Crews continue to clear macroburst debris through stormy weather

Cranston storm cleanup_199846

CRANSTON, R.I. (WPRI) — It’s been one week since a brief, but powerful storm tore through areas of Southern New England, leaving behind a trail of damage.

Despite the rainy weather Tuesday, crews were back out in full force cleaning up downed trees, limbs and other debris caused by last Tuesday’s macroburst.

The Pinpoint Weather Team says there’s the potential for additional showers and thunderstorms through midnight, with the possibility of gusty winds and street flooding.

People who live in the areas hit hardest by the storm hope Tuesday’s weather doesn’t cause any further problems. One Cranston resident told Eyewitness News he cleaned up his yard as much as he could after last week’s storm, but there were big branches still stuck in trees, danging above his property.

“This storm this afternoon is kind of scary because my garage, my pool, everything could be a victim of the limbs falling down,” said Jose Gonzalez, who lives in the Garden Hills neighborhood.

City crews and tree services were back out Tuesday trying to clear all of the debris, but that work comes at a cost.

“Right now the insurance company is telling me they won’t pay for it, and the tree services are charging triple what they normally do because this is considered emergency rates, so I’m hoping I can just wait it out a little and have them come when it’s not so much of an emergency,” Gonzalez added.
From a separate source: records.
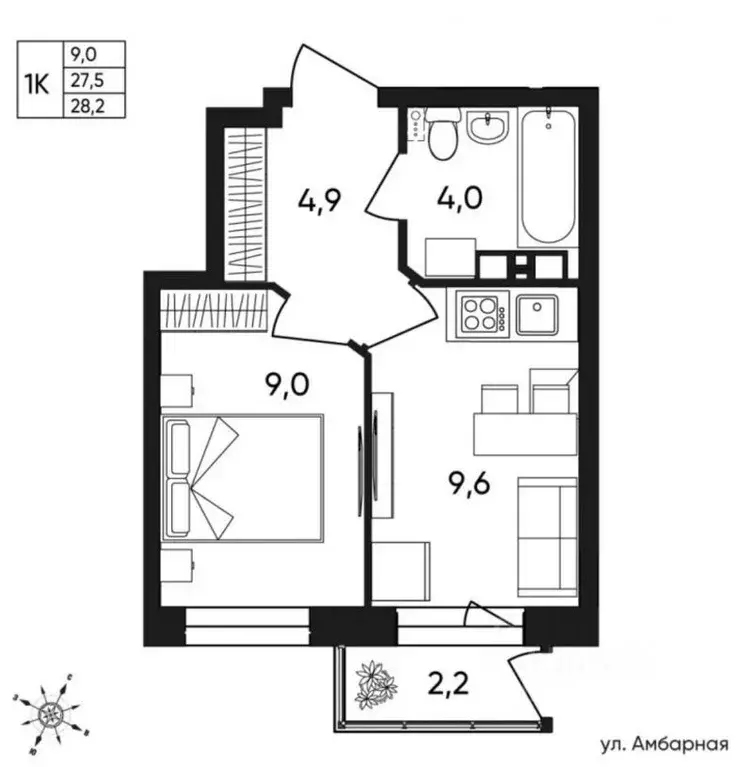 1-к кв. Пермский край, Пермь Белозерская ул., 30А (28.2 м) - Фото 0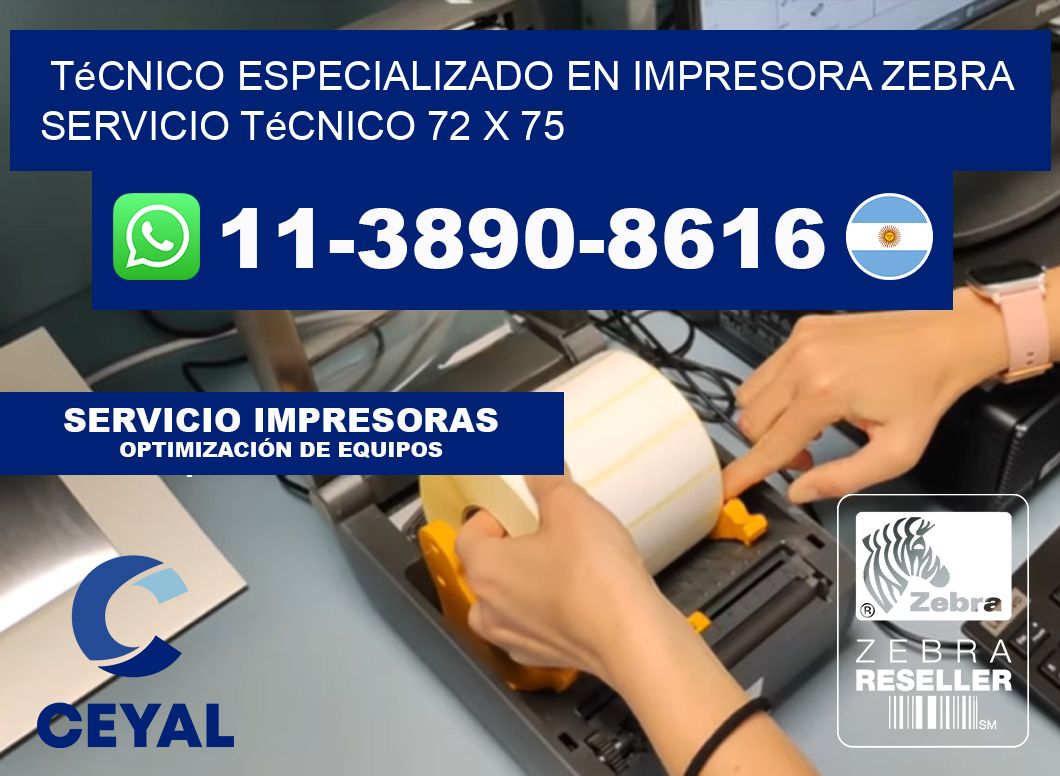 Técnico Especializado en Impresora Zebra Servicio Técnico 72 x 75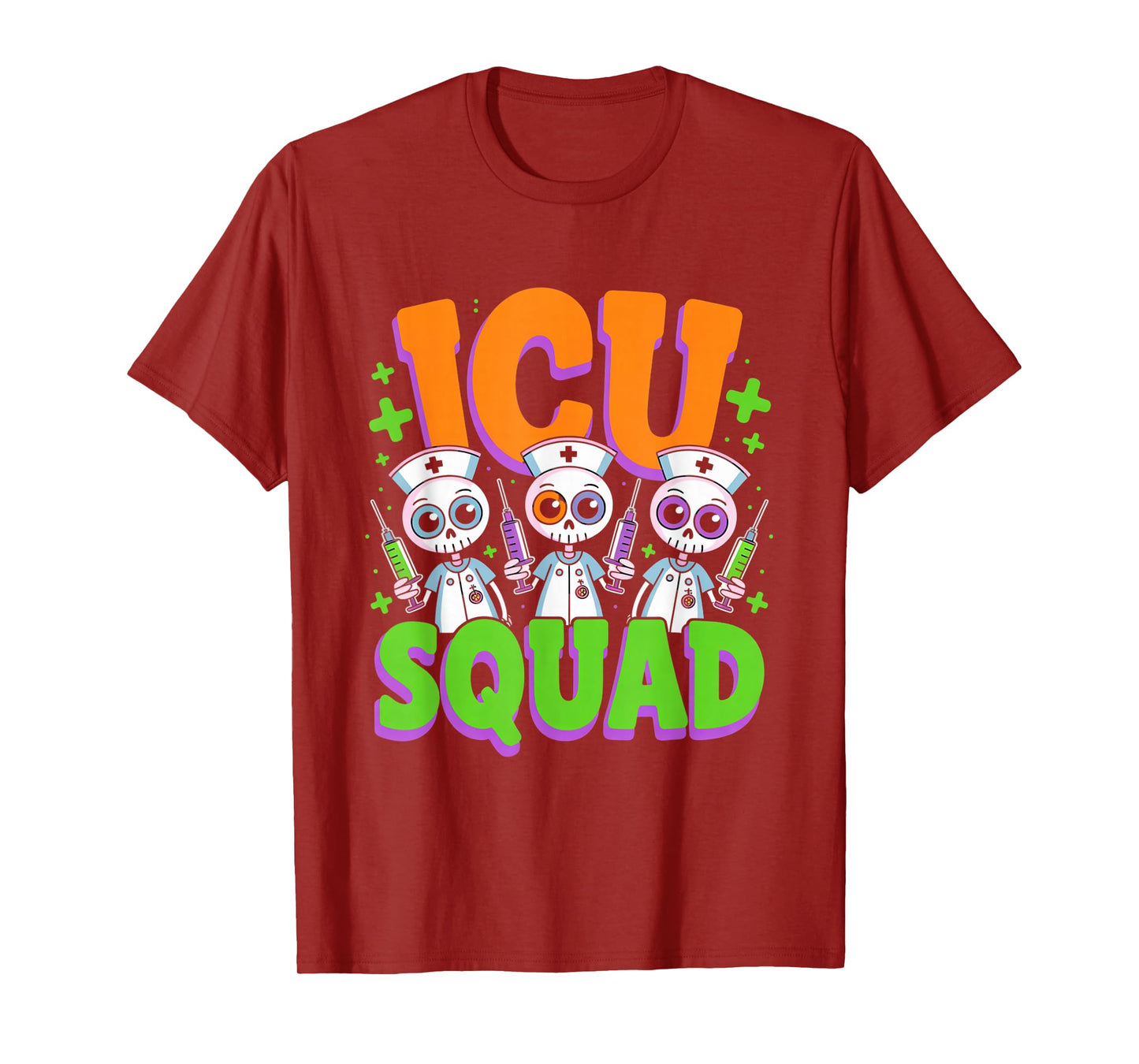 ICU Squad Skeleton Nurse Funny Halloween Costume T-Shirt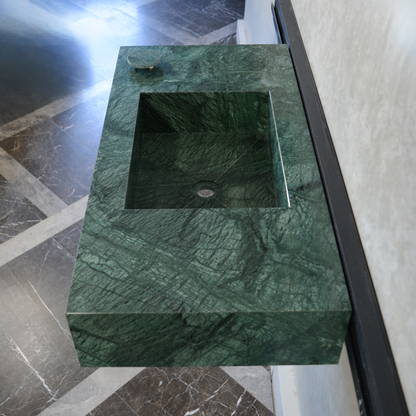 Handcrafted Verde Guatemala Marble Sink - Custom Design Bathroom and Kitchen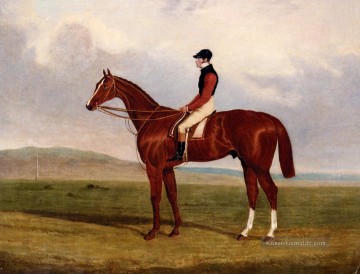 John Frederick Herring Jr Werke - Flexible Elis Eine Kastanie Rennpferd mit John Day Up John Frederick Herring Jr Pferd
Eyewitness News also checked in with National Grid, who said they’ve been working to remove those so-called “hangers” – branches and limbs still stuck up in trees – since last week’s storm.

“There is some wind coming through, some rain so we have crews on the property,” said National Grid President Tim Horan. “We have 10 tree crews, 26 more available and 40 line crews out there to address any issues that may arise.”

The City of Cranston is asking business owners and residents who were impacted by last week’s storm to provide any damage information to the city’s Emergency Management Agency, as they try to determine if it will qualify for federal disaster aid.